▶ _YOUR GOAL_: Each line from the one with "New Balance รองเท้าผ้าใบ" through the last line of the records must be output exactly, both ends included.

#####

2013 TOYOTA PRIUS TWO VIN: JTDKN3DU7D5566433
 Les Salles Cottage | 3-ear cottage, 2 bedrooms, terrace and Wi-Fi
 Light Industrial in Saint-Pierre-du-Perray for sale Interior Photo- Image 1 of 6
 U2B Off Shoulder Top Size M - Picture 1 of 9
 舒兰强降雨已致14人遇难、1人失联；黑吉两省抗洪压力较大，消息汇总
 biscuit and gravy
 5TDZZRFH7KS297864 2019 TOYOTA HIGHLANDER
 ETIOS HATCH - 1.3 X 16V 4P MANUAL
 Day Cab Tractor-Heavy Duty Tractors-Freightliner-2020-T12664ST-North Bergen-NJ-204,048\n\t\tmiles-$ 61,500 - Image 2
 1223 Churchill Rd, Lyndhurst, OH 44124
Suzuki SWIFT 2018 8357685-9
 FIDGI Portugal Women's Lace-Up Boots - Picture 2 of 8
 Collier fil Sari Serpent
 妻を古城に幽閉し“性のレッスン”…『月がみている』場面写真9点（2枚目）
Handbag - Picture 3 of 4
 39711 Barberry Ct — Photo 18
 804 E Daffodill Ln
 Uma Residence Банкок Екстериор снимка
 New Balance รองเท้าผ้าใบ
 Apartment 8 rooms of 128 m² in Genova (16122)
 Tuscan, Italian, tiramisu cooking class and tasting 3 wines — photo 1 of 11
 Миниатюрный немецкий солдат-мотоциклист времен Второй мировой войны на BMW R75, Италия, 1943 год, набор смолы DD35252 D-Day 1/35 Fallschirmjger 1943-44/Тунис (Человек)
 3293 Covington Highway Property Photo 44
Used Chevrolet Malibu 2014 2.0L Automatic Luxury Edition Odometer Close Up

#####

▶ _RESULT FOR THIS TASK_:
 New Balance รองเท้าผ้าใบ
 Apartment 8 rooms of 128 m² in Genova (16122)
 Tuscan, Italian, tiramisu cooking class and tasting 3 wines — photo 1 of 11
 Миниатюрный немецкий солдат-мотоциклист времен Второй мировой войны на BMW R75, Италия, 1943 год, набор смолы DD35252 D-Day 1/35 Fallschirmjger 1943-44/Тунис (Человек)
 3293 Covington Highway Property Photo 44
Used Chevrolet Malibu 2014 2.0L Automatic Luxury Edition Odometer Close Up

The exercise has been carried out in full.